Assim, o elemento propulsor dessa nova animação é justamente o embate entre Alegria e Ansiedade sobre como a vida de Riley deve ser construída e conduzida. Se o primeiro filme entregou uma história emocionante, repleta de humor, aventura e reflexões complexas sobre o comportamento humano, a importância de todas as emoções e como elas moldam nossa personalidade, o segundo filme expande essas ideias e explora conceitos mais profundos da mente humana. Temas como a busca por pertencimento, o amadurecimento, as inseguranças típicas da adolescência são apresentados e desenvolvidos, além de a questão fundamental do filme ser recorrente na mente tanto de Riley quanto na do telespectador: quem sou e o que me define?
Quem somos?
Assim como em 2015, o filme de 2024 não pretende ensinar algo sobre a vida, mas sim convidar o público a imergir no complexo funcionamento da mente humana. Se no primeiro filme a protagonista Alegria descobriu a importância de compreender e respeitar as demais emoções, agora ela nos conduz por uma jornada de autocompreensão, baseada na ideia de que nosso ser é definido pela complexa relação entre nossas experiências de vida e as memórias geradas por elas.
De forma resumida, nossas experiências criam memórias que formam as bases de nossa personalidade e, posteriormente, nossas convicções — as certezas de quem somos e do que queremos ser. Esse novo conceito enriquece ainda mais a história e a profundidade dos personagens.
O que realmente nos define?
A mente humana é um universo em si, um pequeno infinito. A Pixar, com sua habilidade ímpar, parece tornar fácil a produção de animações que têm o verdadeiro potencial de transformar nossa forma de pensar e refletir sobre temas universais. Isso foi evidente em filmes como “Wall-E”, “UP: Altas Aventuras”, “Viva: A Vida é uma Festa”, “Toy Story” e o primeiro “Divertida Mente”. No segundo filme, a Pixar continua a encantar e divertir, promovendo infinitos debates acerca de nossas crenças e do que nos torna humanos.

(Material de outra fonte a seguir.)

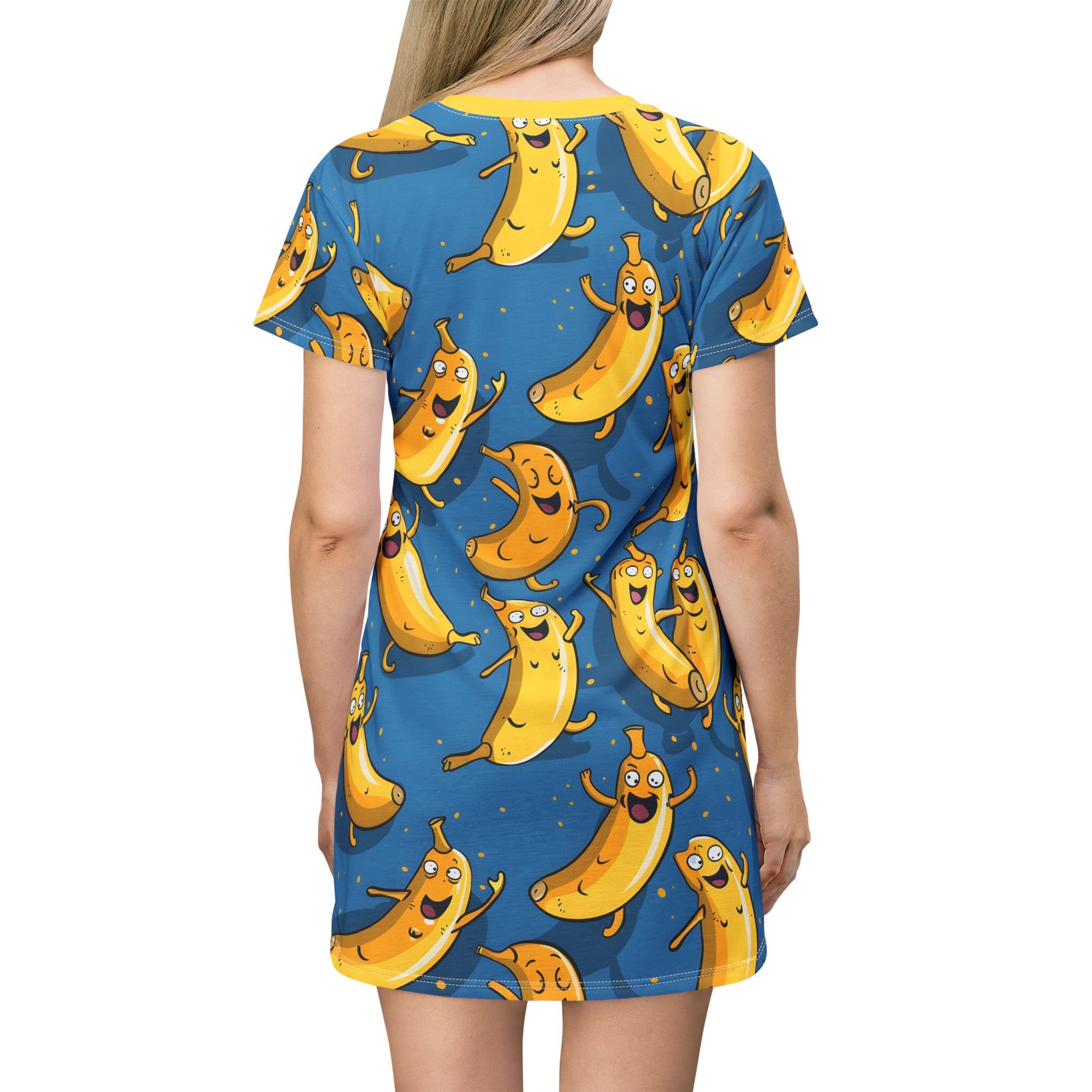 Festival Dresses - Banana Blue Bliss T - Shirt Dress - Acid Daddy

O filme é uma continuação exemplar, grata, delicada e sensível, que mantém seu caráter de empolgar, contar histórias, entreter e emocionar crianças e adultos. A narrativa flui de forma natural e não soa forçada ou desnecessária, algo raro no mundo das sequências cinematográficas. O filme amadurece em relação ao primeiro, sendo igualmente emocionante, naturalmente evoluído e criativo.
No desfecho, o filme desconstrói propositalmente uma ideia que ele mesmo criou para o fluxo da narrativa: o que uma pessoa pensa sobre si mesma não define seu caráter e sua personalidade. O que realmente define alguém não são suas certezas ou convicções, por mais importantes que sejam, mas sim como ela reflete seus sentimentos e emoções na sociedade. Suas convicções são menos relevantes do que a forma como modula suas emoções e sentimentos socialmente.